Hi, I currently have a Asus A8AE-LE (Amberine) MB and recently upgraded my CPU cooler to the Zalman 9700. Problem was, MB has a 3 pin header while the Zalman 9700 had a 4 pin. I searched around and was told I could just plug in my Zalman leaving the blue wire out. The computer starts up, but right after the booting screen I get the "Error: CPU fan has failed, restarting.. etc." error. I can get past this by hitting F2 (don't know why) but my fan runs very slow making the CPU temp hitting 51C in nearly 5 minutes.. doing no gaming or surfing the internet. So I went out and got me one of those TX3 to LP4 adapters and plugged it in. Now the fan runs very fast and loud but I still get the "Error: CPU fan has failed, restarting.. etc." error. Also, my computer sometimes randomly shuts off, but the led on my Power On button on my tower is still lit up.. I can't restart it by holding down the button but instead I have to switch the PSU on and off. I looked around for a solution to the error I get on startup and got a few solutions of disabling the 'SMART CPU FAN' option in the BIOS, problem is, there is no such thing in my BIOS. As for the loudness and speed of my fan, I think I can deal with it or if it does become a problem I'll get a fan controller. 

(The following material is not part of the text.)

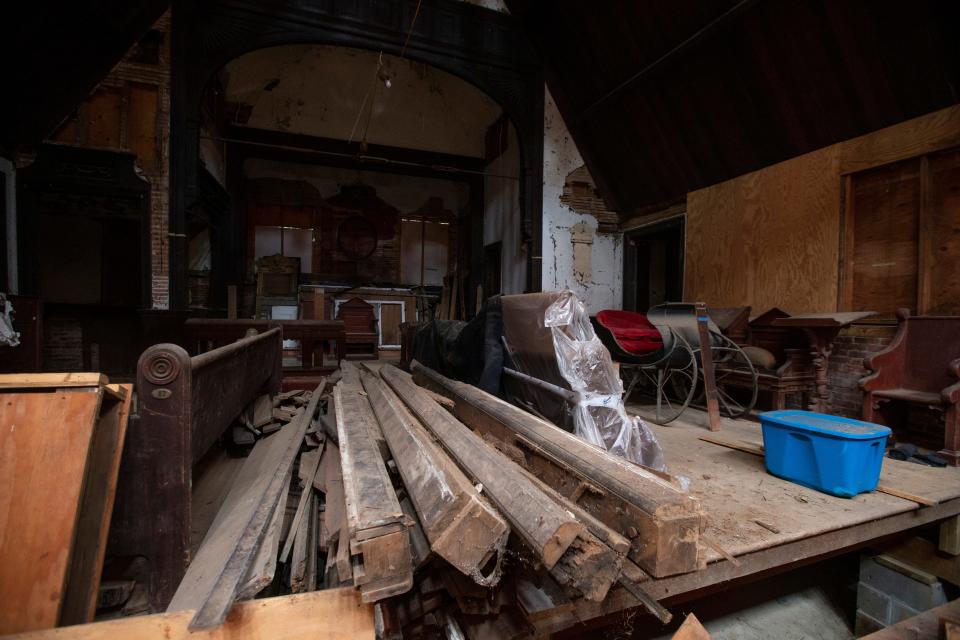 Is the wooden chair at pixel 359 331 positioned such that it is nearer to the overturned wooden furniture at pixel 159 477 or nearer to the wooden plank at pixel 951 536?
the overturned wooden furniture at pixel 159 477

So any solutions on how to get the 'SMART CPU FAN' option in my BIOS? 

Motherboard ID 01/25/2007-RS482-SB400-Amberine-00 
Motherboard Name Asus A8AE-LE (Amberine) 
BIOS Version Copyright 2006 by Hewlett-Packard Company Rev. 3.15 
Award BIOS Type Phoenix - AwardBIOS v6.00PG 
Company Name Phoenix Technologies Ltd.


----------



## greenbrucelee (Apr 24, 2007)

what are your computers full specification including the PSU.

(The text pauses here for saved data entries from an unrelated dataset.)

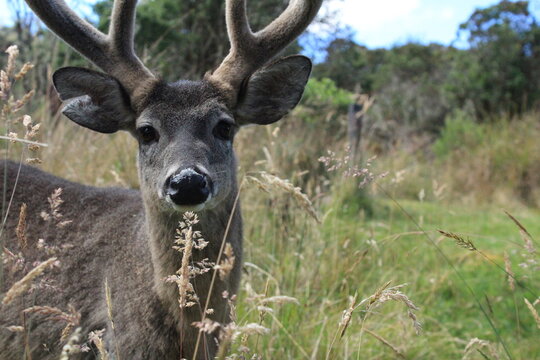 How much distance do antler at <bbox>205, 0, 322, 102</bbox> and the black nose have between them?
3.22 ft

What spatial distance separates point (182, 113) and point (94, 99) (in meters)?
0.59

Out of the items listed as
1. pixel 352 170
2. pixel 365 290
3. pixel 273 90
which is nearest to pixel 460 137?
pixel 365 290

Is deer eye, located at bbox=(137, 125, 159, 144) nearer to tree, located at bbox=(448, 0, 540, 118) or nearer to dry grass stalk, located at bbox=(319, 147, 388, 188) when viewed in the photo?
dry grass stalk, located at bbox=(319, 147, 388, 188)

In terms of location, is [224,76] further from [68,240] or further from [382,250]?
[382,250]

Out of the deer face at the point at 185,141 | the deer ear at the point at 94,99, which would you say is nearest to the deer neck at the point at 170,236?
the deer face at the point at 185,141

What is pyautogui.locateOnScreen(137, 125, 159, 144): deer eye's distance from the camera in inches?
134

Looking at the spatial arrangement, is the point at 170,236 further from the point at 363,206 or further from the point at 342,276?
the point at 363,206

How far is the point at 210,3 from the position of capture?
37.3 ft

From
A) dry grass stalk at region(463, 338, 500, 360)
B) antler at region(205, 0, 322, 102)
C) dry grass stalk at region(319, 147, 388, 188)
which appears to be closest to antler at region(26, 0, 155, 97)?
antler at region(205, 0, 322, 102)

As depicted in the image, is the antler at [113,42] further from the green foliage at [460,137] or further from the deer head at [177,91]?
the green foliage at [460,137]

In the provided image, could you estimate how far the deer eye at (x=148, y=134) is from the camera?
3410mm

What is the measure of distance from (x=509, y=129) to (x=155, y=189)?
13.1m

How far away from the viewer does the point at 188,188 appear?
2770mm

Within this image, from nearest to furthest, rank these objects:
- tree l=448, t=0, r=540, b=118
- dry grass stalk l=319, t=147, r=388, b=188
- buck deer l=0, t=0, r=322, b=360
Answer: dry grass stalk l=319, t=147, r=388, b=188, buck deer l=0, t=0, r=322, b=360, tree l=448, t=0, r=540, b=118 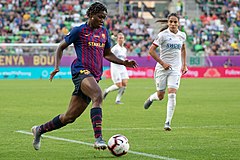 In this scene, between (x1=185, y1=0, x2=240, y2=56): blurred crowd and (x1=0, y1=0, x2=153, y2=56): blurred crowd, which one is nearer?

This doesn't sound like mobo problem to me but more of a power issue. If you list your fulls specs we will be able to determin the issue a lot better.


----------



## prequal (Jan 11, 2009)

ASUS ATI EAH4670
610w PC Power and Cooling PSU
LITE-ON DVDRW SHW-160H6S
ASUS DVD-E616A
Asus A8AE-LE (Amberine)
AMD Athlon 64 X2 Dual Core Processor 4200+ (2.19 GHz)
SEAGATE 500GB Barracuda 7200.11 SATA
512 MB PC3200 DDR SDRAM x2
1 GB PC3200 DDR SDRAM
Zalman CNPS9700 NT
92mm exhaust fan, 80mm intake fan
Windows XP Media Edition


----------



## prequal (Jan 11, 2009)

Bumpppp


----------



## prequal (Jan 11, 2009)

bumpp


----------



## Doby (Jan 17, 2006)

That board usually come with a HP or compaq computer I'm suprised the zalman fit in there, the reason you can't shut down the cpu fan failure in bios is because asus made the board for HP with bios written to there specs and hp don't want that option in there.

with the cpu fan directly connected to the power supply with the adapter the board thinks the cpu fan has failed and throws a warning or shuts down. I don't really know of a work around for this issue, sometime you have these problems when working with proprietary motherboards.

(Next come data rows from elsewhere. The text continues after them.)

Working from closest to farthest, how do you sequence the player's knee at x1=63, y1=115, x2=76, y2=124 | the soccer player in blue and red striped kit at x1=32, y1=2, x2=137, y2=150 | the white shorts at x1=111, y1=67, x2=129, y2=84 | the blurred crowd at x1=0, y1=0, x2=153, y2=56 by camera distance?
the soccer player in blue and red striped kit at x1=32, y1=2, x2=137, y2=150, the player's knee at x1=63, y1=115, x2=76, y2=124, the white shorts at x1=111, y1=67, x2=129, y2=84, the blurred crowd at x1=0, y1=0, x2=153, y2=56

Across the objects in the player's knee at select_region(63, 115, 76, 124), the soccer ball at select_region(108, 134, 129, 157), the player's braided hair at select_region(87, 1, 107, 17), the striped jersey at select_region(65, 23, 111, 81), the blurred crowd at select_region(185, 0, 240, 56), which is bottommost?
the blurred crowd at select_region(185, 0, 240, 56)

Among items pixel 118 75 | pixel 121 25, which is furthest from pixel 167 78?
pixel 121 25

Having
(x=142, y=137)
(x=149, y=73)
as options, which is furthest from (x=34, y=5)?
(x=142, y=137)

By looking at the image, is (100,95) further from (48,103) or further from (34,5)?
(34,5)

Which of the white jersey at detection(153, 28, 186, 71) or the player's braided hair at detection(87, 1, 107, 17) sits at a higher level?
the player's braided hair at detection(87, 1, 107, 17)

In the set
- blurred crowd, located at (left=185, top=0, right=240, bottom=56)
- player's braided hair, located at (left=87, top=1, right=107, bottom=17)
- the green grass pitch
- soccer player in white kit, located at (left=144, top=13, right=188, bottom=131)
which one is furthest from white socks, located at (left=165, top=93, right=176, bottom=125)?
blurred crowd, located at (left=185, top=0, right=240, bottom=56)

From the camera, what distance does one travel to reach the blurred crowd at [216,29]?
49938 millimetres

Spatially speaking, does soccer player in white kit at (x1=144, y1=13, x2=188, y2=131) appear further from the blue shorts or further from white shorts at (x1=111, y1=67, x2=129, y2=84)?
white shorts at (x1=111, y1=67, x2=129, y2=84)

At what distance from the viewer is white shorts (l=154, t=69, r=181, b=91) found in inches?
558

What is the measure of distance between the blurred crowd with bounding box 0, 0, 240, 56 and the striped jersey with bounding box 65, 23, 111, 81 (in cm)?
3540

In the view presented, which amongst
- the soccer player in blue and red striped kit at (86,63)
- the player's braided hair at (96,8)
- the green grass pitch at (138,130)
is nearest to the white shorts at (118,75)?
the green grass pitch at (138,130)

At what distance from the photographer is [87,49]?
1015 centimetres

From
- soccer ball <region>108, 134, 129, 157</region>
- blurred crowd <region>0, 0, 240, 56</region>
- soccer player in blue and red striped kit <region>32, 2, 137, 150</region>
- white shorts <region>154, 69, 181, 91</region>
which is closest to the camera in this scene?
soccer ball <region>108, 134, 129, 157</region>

Sorry could not be of more help


----------



## prequal (Jan 11, 2009)

Makes sense. Should I be continuing to use my computer or will my fan or cpu die out?


----------



## Doby (Jan 17, 2006)

No your fan and cpu will be fine as long as the cpu temp is below 60C its just that its a pain but as long as you can get around this and don't mind the noise you will be ok


----------